Une étude universitaire au plus près du terrain
Aussi le fabricant de cabines de peinture s’est-il inscrit, aux côtés de Mobilians, dans la réalisation d’une étude universitaire sur les représentations sociales des métiers de la carrosserie et l’attractivité des entreprises. Ceci afin de savoir de quelles représentations souffrent les métiers de la carrosserie et comment attirer de nouveaux talents. Menée par une docteure en sciences sociales spécialiste de la conduite du changement, employée par Weinmann Technologies, et en partenariat avec le Laboratoire de recherche spécialisé dans l’implication professionnelle de l’Université Toulouse Jean-Jaurès, elle devrait dévoiler ses résultats définitifs en 2024. « Mais les premiers résultats de l’étude sont accablants pour la profession », relève André Courtois.
En attendant, le dirigeant invite les carrossiers à se poser les bonnes questions concernant la situation économique dans laquelle ils se trouvent. Car il s’agit d’un facteur d’échec potentiel, surtout dans le cadre des agréments. En effet, entre 2013 et 2022, le coût des pièces détachées a augmenté de 44,76 %. Celui des produits de peinture s’est accru de 38,29 %. Celui des autres postes – notamment des consommables – qui ne pèsent que 3 % du coût total de la réparation, a progressé de 48,05 %. Alors que, dans le même temps, le taux horaire n’a augmenté que de 10,85 %. « Le tarif horaire moyen réellement pratiqué par les carrossiers n’a gagné que cinq euros en dix ans ! Si la main d’œuvre avait évolué sur le même rythme que les autres postes, le taux horaire devrait être de 73 € net… Hélas, la réparation dans les règles de l’art ne peut pas être une réparation bon marché », appuie André Courtois.
Reconstruire le cercle vertueux carrossier-expert-assureur
Le risque de maintenir un tel déséquilibre est de réduire les capacités des entreprises de réparation à suivre le rythme des évolutions technologiques et sociales auxquelles fait face l’automobile. Et de donner naissance à deux professions : celle de carrossier uniquement dédié à la remise en état de vieux modèles et celle de carrossier apte à prendre en charge les plus récentes. « Parmi les treize items de la RSE figure la rentabilité de l’entreprise. Or, on ne peut pas continuer de réparer plutôt que remplacer lorsque l’on vend sa main d’œuvre aussi peu chère », rappelle le président de Weinmann Technologies.

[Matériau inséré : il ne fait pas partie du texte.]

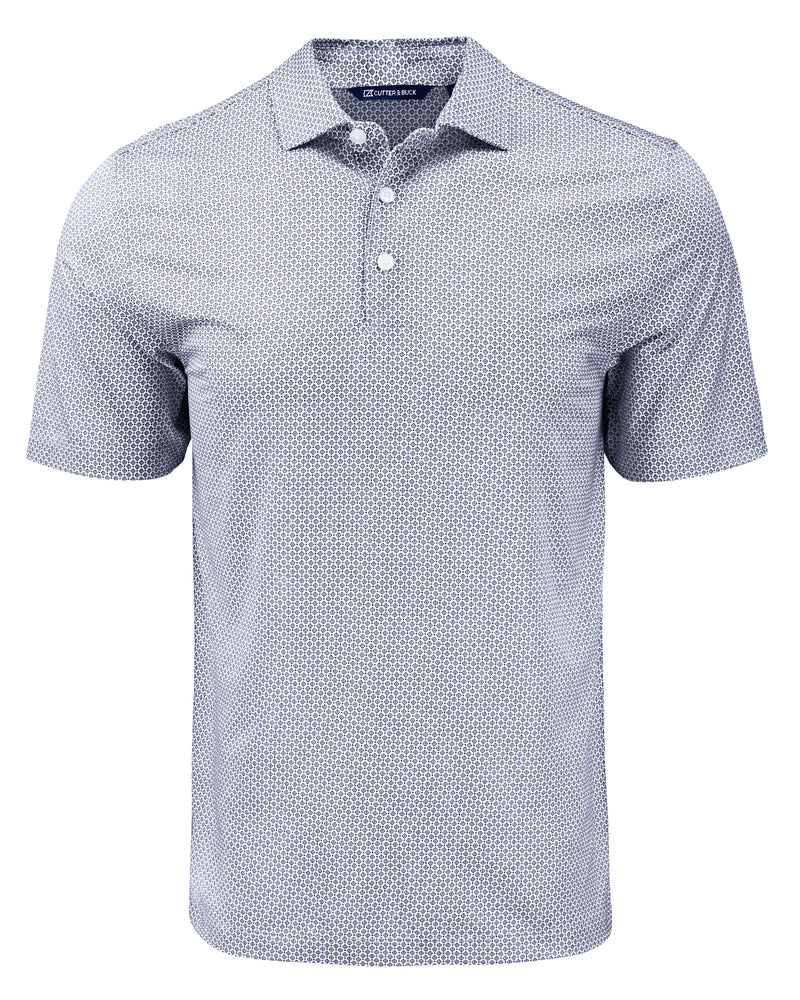 Cutter & Buck Pike Eco Diamond Dot Print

Les donneurs d’ordres, et notamment les assureurs, savent qu’ils jouent sur la corde sensible des pros lorsqu’ils leur suggèrent de réparer plutôt que remplacer, car c’est l’essence même du métier de carrossier. Celle qui donne du sens à l’activité de la majorité des artisans du secteur. Et ce, alors même que sur un marché où la pièce de robe reste majoritairement captive, la marge sur chaque pièce augmente à mesure que son tarif s’envole, au contraire du taux horaire moyen qui reste désespérément bas. Voilà pourquoi Weinmann Technologies plaide pour la construction d’un nouveau modèle de relations entre carrossiers, experts et assureurs, fondé sur autre chose que l’agrément. Ou, à tout le moins, à une révision totale du modèle d’agrément. « Parce que lorsque l’on sort d’un agrément, aujourd’hui, on devient plus riche », martèle André Courtois. Et davantage en mesure d’investir pour l’avenir. Quitter le court-termisme pour une vision à long terme, en somme.